The Society of Bible Craftsmanship celebrates beauty, creativity, and innovation in the field of Bible publishing. The society’s mission is to nurture and highlight excellence in the industry and to help the general reader discover and appreciate all that goes into the finest examples of Bible craftsmanship—in all languages, in all media.

A central task of the society will be to periodically gather and exhibit new Bible publications from around the world. The society’s awards program will recognize the finest work in a broad range of categories, with winners exhibited at Museum of the Bible in Washington, DC.

The Bible is one of the most important books ever to be published and also one of the most challenging in terms of design and production. Today, the innovation displayed in meeting these challenges is at an all-time high. In partnership with publishers and industry professionals, the society will host events and virtual seminars though Museum of the Bible to explore every aspect of craftsmanship, illuminating the work of translators and editors, designers and typographers, printers and bookbinders, and many other contributors to the production process. The society’s e-newsletter will also showcase the best writing on Bible craftsmanship. 

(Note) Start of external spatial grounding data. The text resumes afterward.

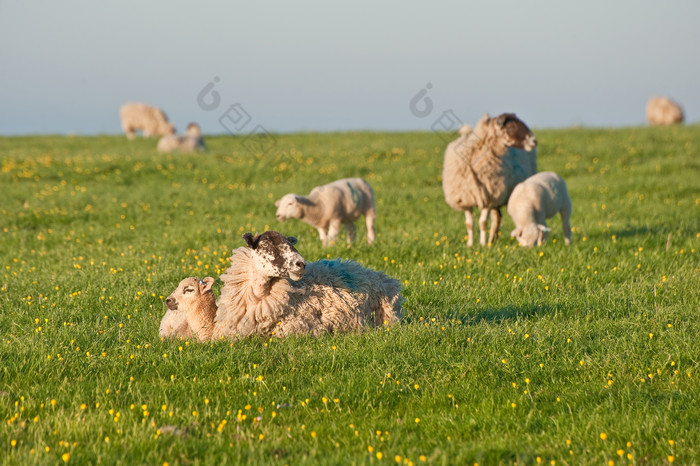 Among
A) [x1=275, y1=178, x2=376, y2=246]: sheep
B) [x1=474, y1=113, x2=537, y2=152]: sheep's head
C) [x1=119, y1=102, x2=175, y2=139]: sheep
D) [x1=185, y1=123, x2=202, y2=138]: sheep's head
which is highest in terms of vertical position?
[x1=119, y1=102, x2=175, y2=139]: sheep

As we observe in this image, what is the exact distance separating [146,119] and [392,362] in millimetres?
41906

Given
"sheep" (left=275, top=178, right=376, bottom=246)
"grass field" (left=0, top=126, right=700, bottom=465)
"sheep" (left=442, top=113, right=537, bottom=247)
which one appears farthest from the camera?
"sheep" (left=442, top=113, right=537, bottom=247)

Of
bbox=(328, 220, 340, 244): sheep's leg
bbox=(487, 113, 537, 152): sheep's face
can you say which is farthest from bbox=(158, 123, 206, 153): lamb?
bbox=(487, 113, 537, 152): sheep's face

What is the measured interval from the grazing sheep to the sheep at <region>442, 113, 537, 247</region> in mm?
6323

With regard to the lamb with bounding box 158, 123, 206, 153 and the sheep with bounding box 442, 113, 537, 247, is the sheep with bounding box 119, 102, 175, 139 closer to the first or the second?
the lamb with bounding box 158, 123, 206, 153

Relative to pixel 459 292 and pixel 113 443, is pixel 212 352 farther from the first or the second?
pixel 459 292

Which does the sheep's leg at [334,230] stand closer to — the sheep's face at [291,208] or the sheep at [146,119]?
the sheep's face at [291,208]

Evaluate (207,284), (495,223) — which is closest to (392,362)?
(207,284)

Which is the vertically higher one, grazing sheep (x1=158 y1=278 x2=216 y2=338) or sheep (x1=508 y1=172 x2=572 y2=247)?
sheep (x1=508 y1=172 x2=572 y2=247)

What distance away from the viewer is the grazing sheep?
23.0ft

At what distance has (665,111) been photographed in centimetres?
4553

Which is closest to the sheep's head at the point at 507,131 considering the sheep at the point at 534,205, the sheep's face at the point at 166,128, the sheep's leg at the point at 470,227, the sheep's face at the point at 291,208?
the sheep at the point at 534,205

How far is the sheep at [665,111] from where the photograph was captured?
45312 millimetres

Museum of the Bible hopes, through the Society of Bible Craftsmanship, to promote the flourishing of contemporary Bible publishing and reading.

One of the people behind this is J. Mark Bertrand who we’ve had occasion to blog about in the past. For a long time he reviewed Bible design at the Bible Design blog (which now redirects to his new site lectio.org). He’s on the steering committee along with Jeff Kloha, chief curatorial officer at MOTB and Klaus Krogh, the CEO of the creative firm 2K/DENMARK that does a lot of Bible design.

J. Mark Bertrand

The Society is hosting a conference on August 27 in D.C. and online to kick off the new society. There is also a new book out from 2K/DENMARK about seven new typefaces they’ve designed just for Bibles.

One of the pleasures of studying the earliest printed English Bibles the last year or so has been appreciating just how many design decisions these early printers had to make. Yes, they had some precedents they could follow from manuscripts as well as Bibles in other languages. But, in other ways, they were inventing the wheel, so to speak, making decisions that would set the course of Bible production for the next 500 years. Everything from the names of books to chapter titles, marginal notes, maps, introductions to the reader, indices, cross-references—you get the idea. And beyond this there are the myriad questions of format: typefaces, layout, columns, spacing, book size, and more. 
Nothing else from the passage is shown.